> **Task prompt**:
Copy, from the entries below, each line where the word "Shirt" can be found.
** Data shown follows **
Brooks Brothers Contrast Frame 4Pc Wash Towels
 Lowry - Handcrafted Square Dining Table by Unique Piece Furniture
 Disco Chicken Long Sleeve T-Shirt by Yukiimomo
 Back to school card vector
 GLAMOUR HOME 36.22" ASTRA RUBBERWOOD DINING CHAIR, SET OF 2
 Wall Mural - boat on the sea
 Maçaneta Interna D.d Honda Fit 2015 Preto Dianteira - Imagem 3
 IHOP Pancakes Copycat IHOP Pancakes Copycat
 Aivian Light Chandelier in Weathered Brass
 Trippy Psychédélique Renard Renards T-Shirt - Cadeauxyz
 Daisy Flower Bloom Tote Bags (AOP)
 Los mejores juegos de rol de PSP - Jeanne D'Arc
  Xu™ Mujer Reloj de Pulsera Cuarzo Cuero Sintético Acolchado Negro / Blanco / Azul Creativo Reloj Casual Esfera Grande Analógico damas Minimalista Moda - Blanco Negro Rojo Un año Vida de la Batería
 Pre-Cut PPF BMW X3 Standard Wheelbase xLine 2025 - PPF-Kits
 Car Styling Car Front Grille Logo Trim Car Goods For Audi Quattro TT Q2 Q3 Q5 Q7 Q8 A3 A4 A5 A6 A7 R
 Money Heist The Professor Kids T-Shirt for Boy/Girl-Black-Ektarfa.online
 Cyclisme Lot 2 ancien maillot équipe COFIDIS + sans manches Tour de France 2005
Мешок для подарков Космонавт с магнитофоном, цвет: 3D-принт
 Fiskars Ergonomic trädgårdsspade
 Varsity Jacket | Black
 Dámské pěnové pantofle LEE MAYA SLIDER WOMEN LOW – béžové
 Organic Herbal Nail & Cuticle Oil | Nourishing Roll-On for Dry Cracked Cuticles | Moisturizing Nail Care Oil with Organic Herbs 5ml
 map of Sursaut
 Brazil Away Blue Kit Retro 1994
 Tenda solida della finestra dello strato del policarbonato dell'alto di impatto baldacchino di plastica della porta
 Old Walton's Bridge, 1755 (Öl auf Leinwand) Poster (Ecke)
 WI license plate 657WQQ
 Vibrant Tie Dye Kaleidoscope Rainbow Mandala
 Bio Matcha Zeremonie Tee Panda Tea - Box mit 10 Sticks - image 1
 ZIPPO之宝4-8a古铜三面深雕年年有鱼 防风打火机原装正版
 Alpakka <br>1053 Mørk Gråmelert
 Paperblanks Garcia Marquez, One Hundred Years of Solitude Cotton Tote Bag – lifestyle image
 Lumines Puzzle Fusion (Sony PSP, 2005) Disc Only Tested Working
** End of Data shown **
> **Exercise output**:
 Disco Chicken Long Sleeve T-Shirt by Yukiimomo
 Trippy Psychédélique Renard Renards T-Shirt - Cadeauxyz
 Money Heist The Professor Kids T-Shirt for Boy/Girl-Black-Ektarfa.online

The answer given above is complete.